14. Dal contenuto della sentenza, si evince che oggetto del devoluto in appello era proprio la qualificazione giuridica della fattispecie in cui, a fronte della mera affermazione della convenuta di avere agito su incarico e per conto della L., vi era il difetto di prova (e pure di allegazione) della contemplatio domini. Nessun giudicato interno può dunque essersi formato su una questione ancora sub iudice, in quanto oggetto del devoluto in appello.

15.11 terzo motivo denuncia violazione e falsa applicazione dell’art. 112 c.p.c., per avere la Corte di appello pronunciato oltre i limiti della domanda, poichè la Pa. non aveva mai eccepito, nell’atto introduttivo o nell’atto di appello, la mancata spendita del nome della sig.ra L. quale dominus negotii.

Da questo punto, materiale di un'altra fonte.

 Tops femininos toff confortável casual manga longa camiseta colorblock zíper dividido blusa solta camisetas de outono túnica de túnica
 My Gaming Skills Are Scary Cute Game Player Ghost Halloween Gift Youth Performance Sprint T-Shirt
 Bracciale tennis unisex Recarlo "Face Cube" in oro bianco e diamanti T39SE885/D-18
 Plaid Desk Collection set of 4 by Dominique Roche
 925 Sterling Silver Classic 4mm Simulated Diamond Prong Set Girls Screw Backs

16. Il motivo è infondato.

17. In tema di mandato con rappresentanza, l’onere della prova della contemplatio domini, che rende possibile l’imputazione degli effetti del contratto nella sfera di un soggetto diverso da quello che lo ha concluso, incombe su chi afferma avere assunto la veste di rappresentante e, ove sia mancata l’allegazione e la prova del predetto comportamento, è insufficiente, ai fini di una diretta imputazione degli effetti dell’atto al mandante, la circostanza che l’atto sia stato posto in essere nel suo interesse (cfr. Cass. n. 7510 del 2011; da ultimo, v. pure Cass. n. 11897 del 18 giugno 2020).

18. Dunque, non spettava alla originaria ricorrente dimostrare che la convenuta non avesse agito in veste di rappresentante della beneficiaria della prestazione lavorativa, atteso che la Pa. era stata assunta dalla P., dalla quale aveva ricevuto le disposizioni ed era stata retribuita.

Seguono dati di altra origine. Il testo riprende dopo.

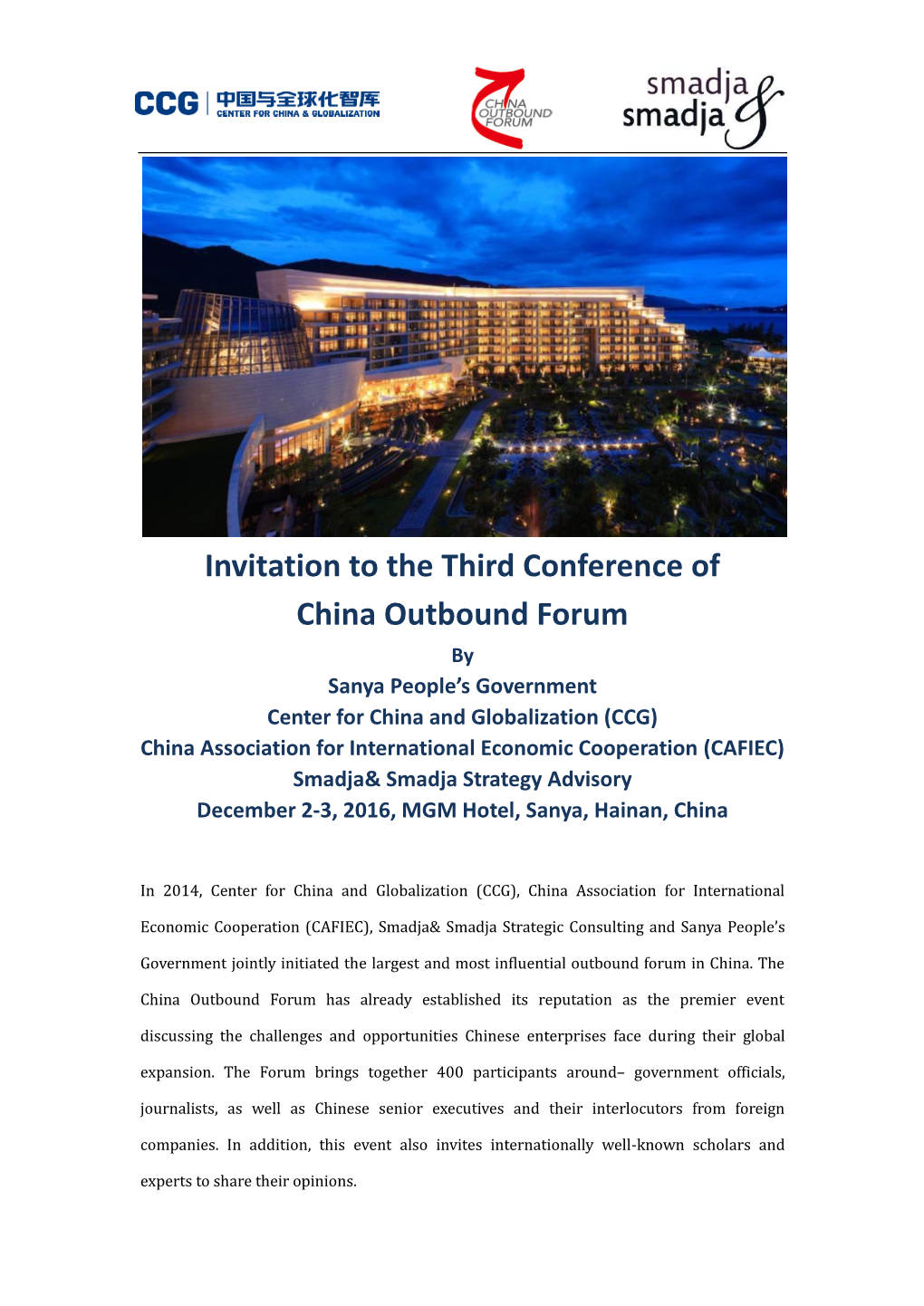 Invitation to the Third Conference of China Outbound Forum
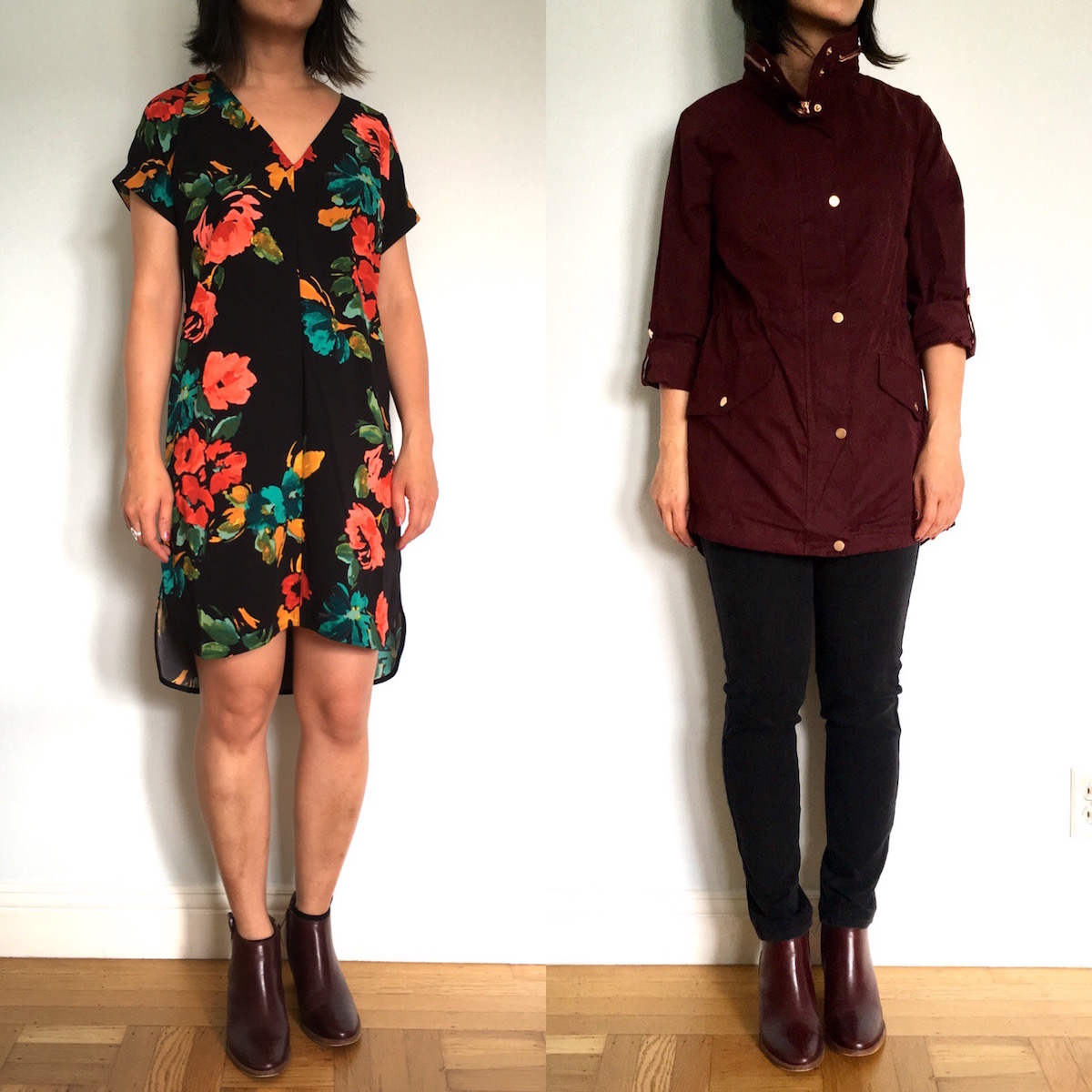 side by side photos of me, a petite woman, wearing a short sleeve floral shift dress, and a maroon anorak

19. Nei contratti a forma libera, l’esternazione del potere rappresentativo non richiede la espressa dichiarazione di spendita del nome del rappresentato o formule sacramentali, ma può essere manifestata anche attraverso un comportamento del rappresentante che, per univocità e concludenza, sia idoneo a portare a conoscenza dell’altro contraente la circostanza che egli agisce per un soggetto diverso, nella cui sfera giuridica gli effetti del contratto sono destinati a prodursi direttamente (Cass. n. 22616 del 2019; v. pure Cass. n. 5681 del 2020, Cass. n. 13978 del 2005).

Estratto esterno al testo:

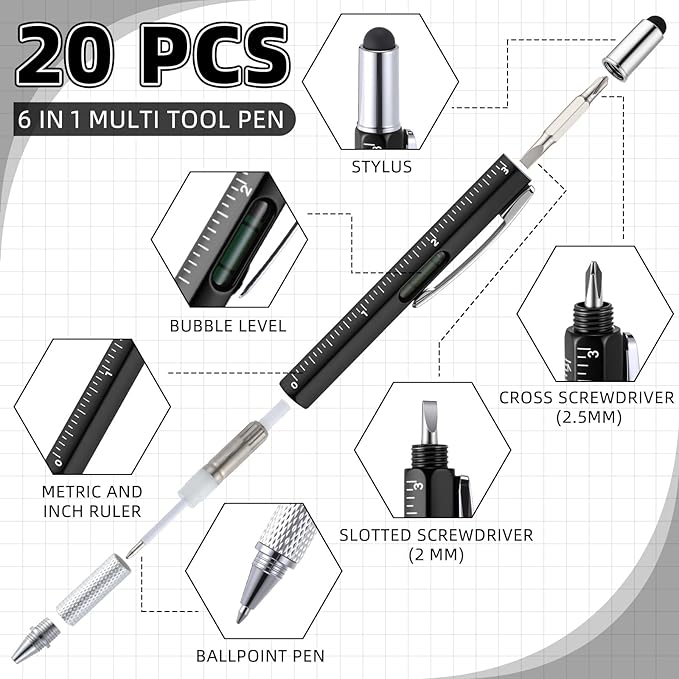 20 Sets Employee Appreciation Gifts for Adult Men Multi Tool Pen with Motivational Quote Boxes Stocking Stuffers Bulk for Father's Christmas White Elephant Gifts (Black)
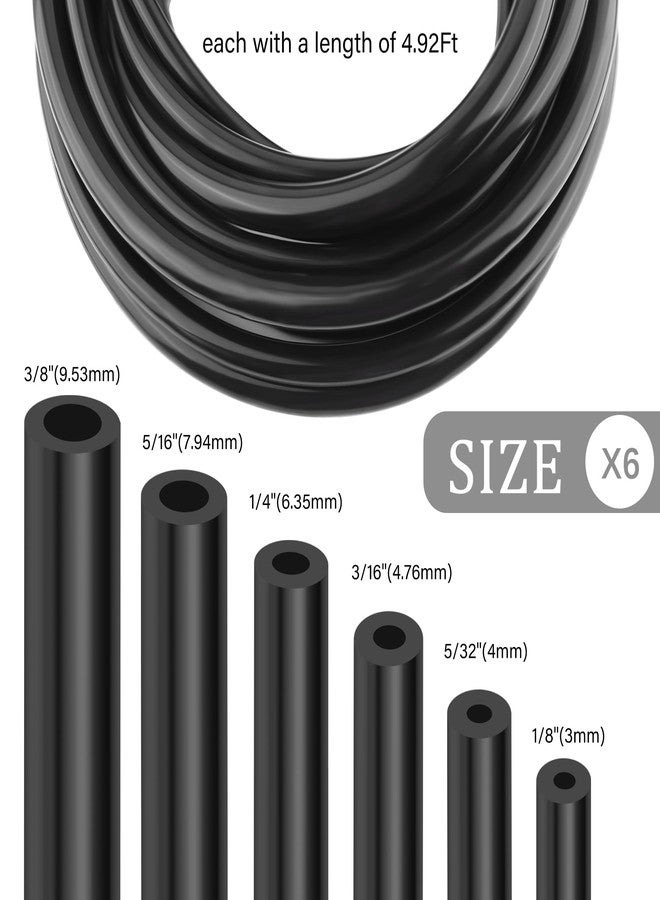 IHOTDER 6PCS 5Ft Vacuum Line,Multipurpose Vacuum Lines Automotive for Car Engine,1/8" 5/32" 3/16" 1/4" 5/16" 3/8" Vacuum Hose Kit,Universal Car Accessories Silicone Tubing for Air/Water (6PCS) - Image 2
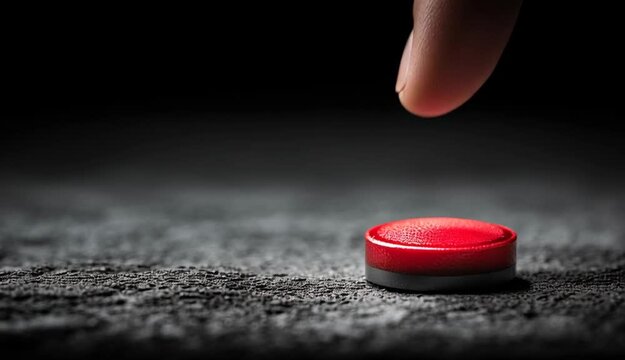 Fingertip presses bright red circular button on rough dark surface. Dramatic lighting creates shadow, highlighting shiny button face. Suggests decision, action, or emergency start.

20. Correttamente, la Corte di appello ha basato la propria decisione sulla mancanza di prova (ed invero pure di allegazione) circa la spendita del nome della mandante L. – o contemplati domini – da parte della P. nei confronti della ricorrente Pa. al momento dell’assunzione di quest’ultima.

21. Il quarto motivo denuncia violazione e falsa applicazione dell’art. 2697 c.c., per avere la sentenza escluso che fosse stata la L. a incaricare la P. di contattare qualcuno che poi sarebbe stato assunto direttamente dalla prima.

22. Il motivo è inammissibile, in quanto con esso non si denuncia una violazione di legge, ma si contesta la ricostruzione in fatto operata dalla Corte territoriale e l’apprezzamento delle risultanze di causa, di competenza del giudice di merito. E’ poi da rilevare che la doglianza relativa alla violazione del precetto di cui all’art. 2697 c.c., si configura soltanto nell’ipotesi in cui il giudice abbia attribuito l’onere della prova ad una parte diversa da quella che ne risulta gravata secondo le regole dettate da quella norma (Cass. 17 giugno 2013, n. 7 15107): ciò che nel caso in esame non è avvenuto.

23. In conclusione, il ricorso va rigettato. Nulla va disposto quanto alle spese del presente giudizio, stante l’assenza di attività difensiva di parte intimata.

24. Va dato atto della sussistenza dei presupposti processuali (nella specie, rigetto del ricorso) per il versamento, da parte della ricorrente, ai sensi del D.P.R. 30 maggio 2002, n. 115, art. 13, comma 1-quater, nel testo introdotto dalla L. 24 dicembre 2012, n. 228, art. 1, comma 17, di un ulteriore importo a titolo di contributo unificato, in misura pari a quello previsto per il ricorso, a norma dello stesso art. 13, comma 1-bis, se è dovuto (v. Cass. S.U. n. 23535 del 2019).

P.Q.M.

La Corte rigetta il ricorso. Nulla per le spese.

Ai sensi del D.P.R. n. 115 del 2002, art. 13, comma 1 quater, dà atto della sussistenza dei presupposti processuali per il versamento, da parte della ricorrente, dell’ulteriore importo a titolo di contributo unificato pari a quello previsto per il ricorso, a norma dello stesso art. 13, comma 1 bis, se dovuto.

Così deciso in Roma, nella Camera di Consiglio, il 9 luglio 2020.